Dans le numéro 86 du Volksstaat, A. Mülberger se fait connaître comme étant l’auteur des articles que j’ai critiqués dans le numéro 51 et les suivants. Dans sa réponse, il m’accable de tant de reproches et il brouille si bien les points de vue que bon gré, mal gré, il me faut lui répondre. Cette réplique, à mon grand regret, devra se placer en majeure partie sur le terrain de la polémique personnelle qui m’est imposée par Mülberger ; j’essaierai cependant de lui donner un intérêt général en développant à nouveau et, si possible, plus clairement que précédemment les points principaux ; même si je cours le risque de m’entendre signifier une fois de plus par mon contradicteur que tout ceci « ne renferme rien d’essentiellement nouveau, ni pour lui, ni pour les autres lecteurs du Volksstaat ».

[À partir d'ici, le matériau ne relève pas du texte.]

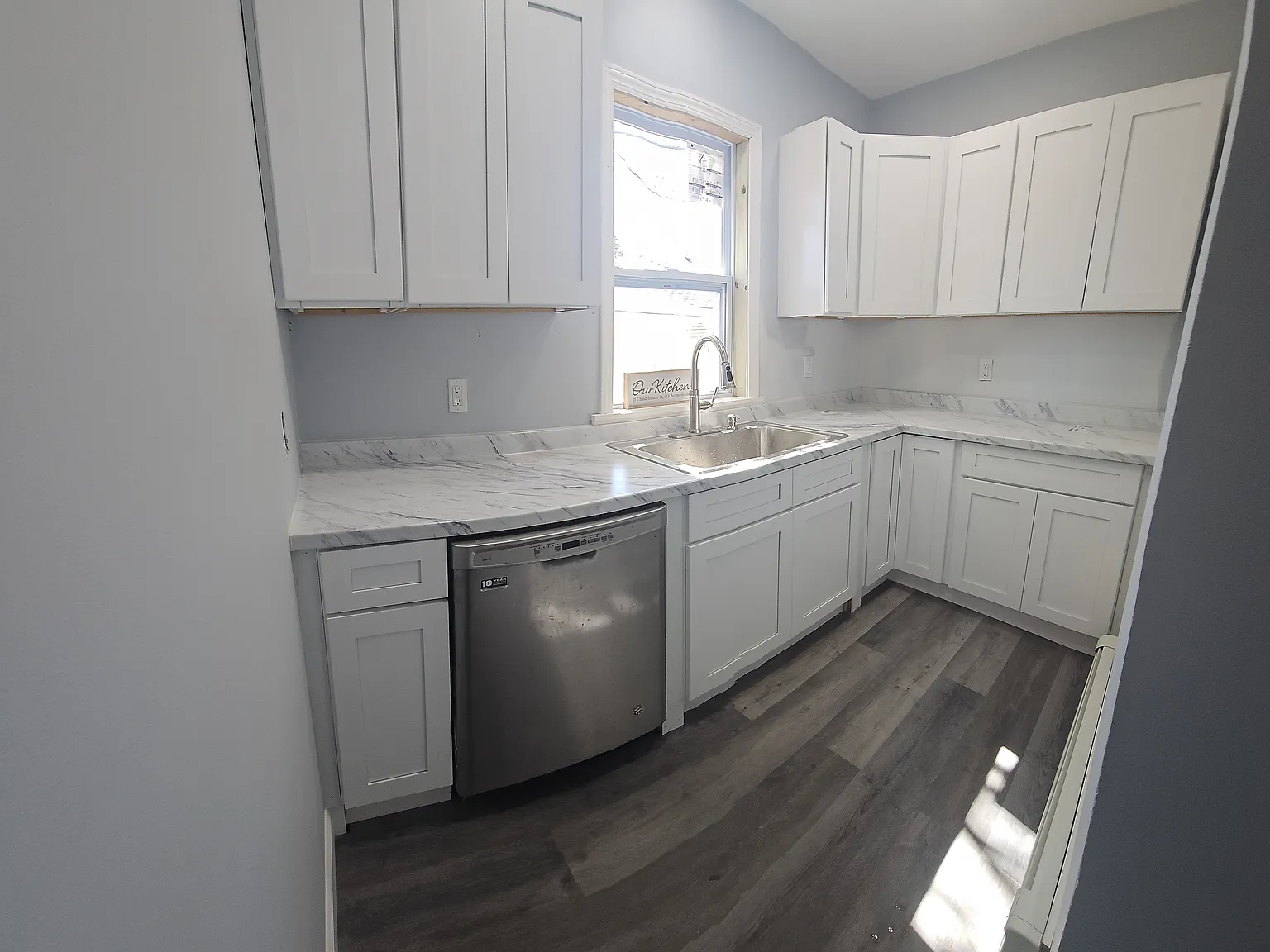 2 bed, 1200 sqft, $2,300 — Photo 3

Mülberger se plaint aussi bien de la forme que du contenu de ma critique. En ce qui concerne la forme, il me suffira de rétorquer qu’à cette époque j’ignorais totalement de qui étaient les articles en question. Impossible donc de parler d’une « prévention » personnelle contre leur auteur; quant à la solution de la question du logement développée dans ces articles, j’étais en effet d’autant plus « prévenu » que, grâce à Proudhon, je la connaissais depuis longtemps et que mon opinion était solidement établie.
Pour ce qui est du « ton » de ma critique, je ne veux pas polémiquer avec l’ami Mülberger. Quand on a comme moi participé depuis aussi longtemps au mouvement ouvrier, on y acquiert une peau passablement endurcie aux attaques et l’on a tendance à en supposer une semblable chez les autres. Pour réparer le mal fait à Mülberger, je vais essayer cette fois-ci d’employer un « ton » en rapport avec la sensibilité de son épidémie.
Mülberger se plaint avec une particulière amertume que je l’aie traité de proudhonien et il affirme qu’il n’en est pas un. Je suis naturellement obligé de le croire, mais je vais apporter la preuve que les articles en question — et je n’avais affaire qu’à eux — ne renferment que du pur proudhonisme.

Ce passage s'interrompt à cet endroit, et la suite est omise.